De Natuurbeschermingswet ziet toe op de bescherming van specifiek aangewezen gebieden ten behoeve van specifieke instandhoudingsdoelen die worden vastgelegd in de aanwijzingsbesluiten van deze “Natura-2000” gebieden. De instandhoudingsdoelstellingen zijn verder uitgewerkt in o.a. het Natura 2000 doelendocument (Ministerie van LNV 2007) en ontwerpaanwijzingsbesluiten. Krachtens Artikel 10a tweede lid Nb-wet dienen de instandhoudingsdoelstellingen te worden gewaarborgd van de leefgebieden van soorten en habitats die genoemd zijn in het aanwijzingsbesluit. Het gaat daarbij om het behoud van leefgebied voor soorten en habitats die op Europese schaal bedreigd zijn.
Per 1 oktober 2005 is een Nb-wet vergunning verplicht voor alle nieuwe projecten en handelingen die, gelet op de instandhoudingsdoelen:

  • de kwaliteit van de natuurlijke habitats van soorten in het gebied kunnen verslechteren
  • een verstorend effect kunnen hebben voor de soorten waarvoor het gebied is aangewezen
  • de natuurlijke kenmerken van het gebied kunnen aantasten.
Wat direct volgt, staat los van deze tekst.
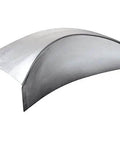 Curved metal sheet formed using 9 Pc Bead Roller Die Set For Metal Fabrication With 1 Polyurethane Wheel Includes Inside And Outside Offset Dies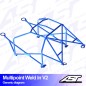 Arco de Seguridad HONDA Civic Coupe (EJ8/EM1) 2 Puertas Coupe Multipunto Soldar V2 Arco de Seguridad HONDA Civic Coupe (EJ8/EM1) 2 Puertas Coupe Multipunto Soldar V2
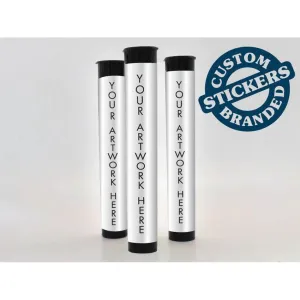 Beast Branding CUSTOM PRINTED STICKERS - 3.061" x 2.2625" Tapered Rectangle for 90mm Joint Tubes, Blunt Tubes and Pop Tops
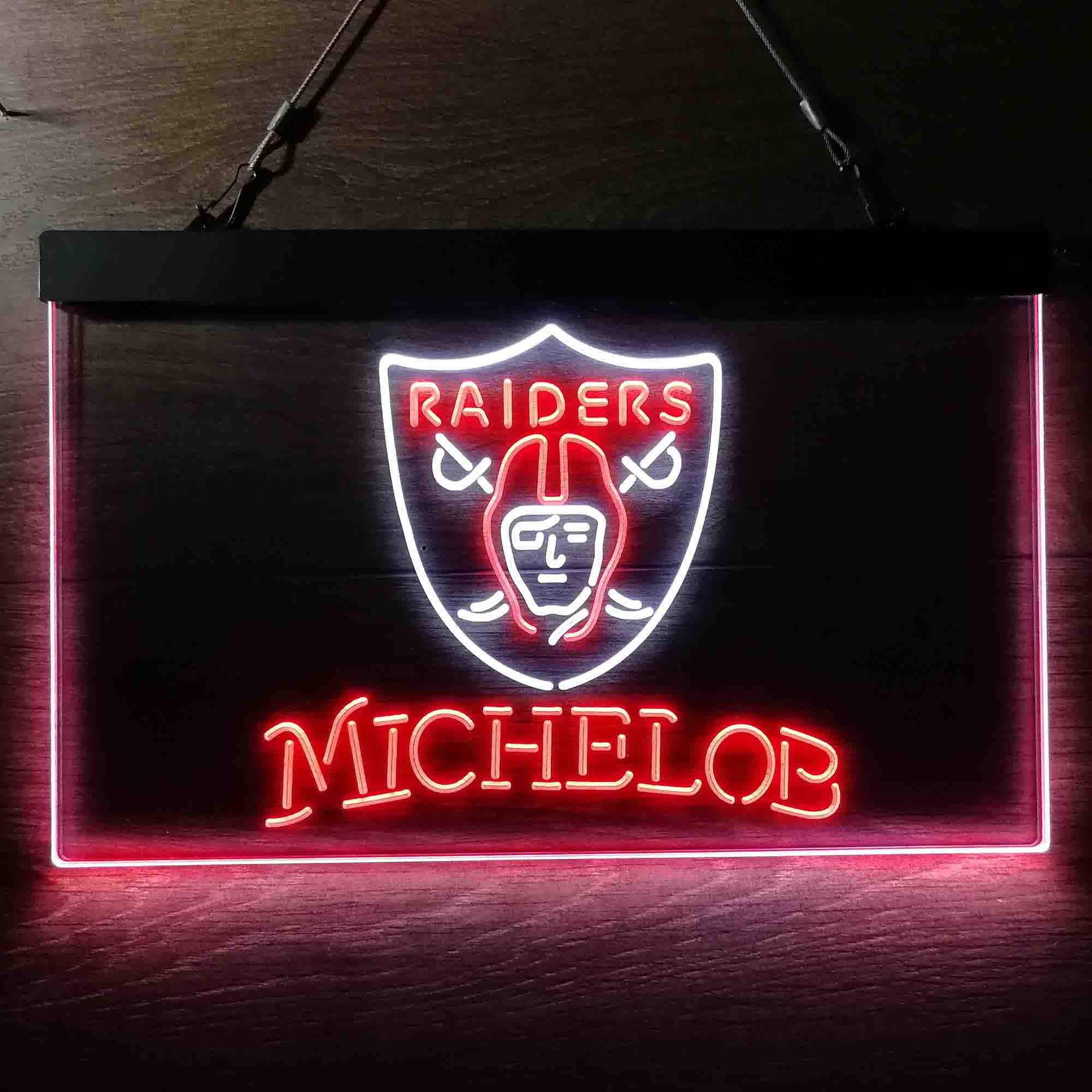 Michelob Bar Las Vegas Raiders Led Light Sign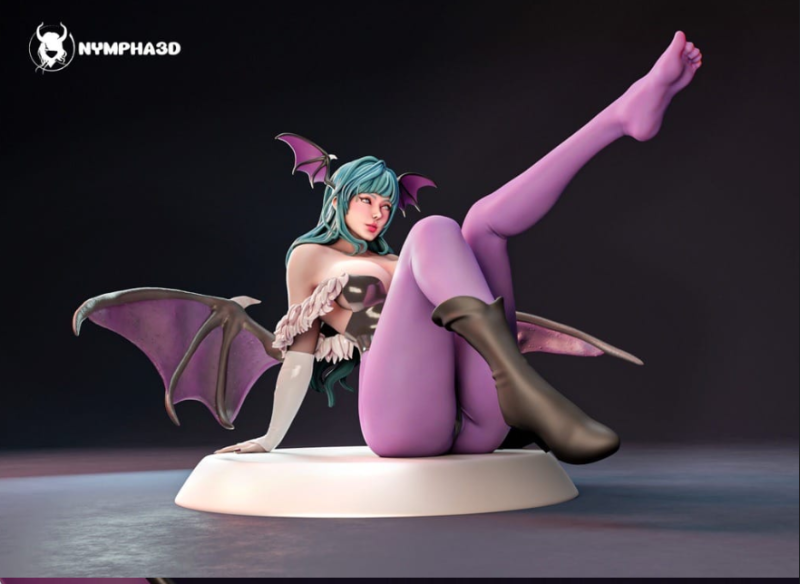 NYMPHA 3D 恶魔战士 莫莉卡·安斯兰特-P站图纸收藏馆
Daarnaast is er voor elk nieuw plan een goedkeuringsbesluit nodig (art. 19) indien door dat plan, gelet op de instandhoudingsdoelen:

  • de kwaliteit van de natuurlijke habitats en de habitats van soorten in het gebied kunnen verslechteren
  • een verstorend effect kan optreden op de soorten waarvoor dat gebied is aangewezen.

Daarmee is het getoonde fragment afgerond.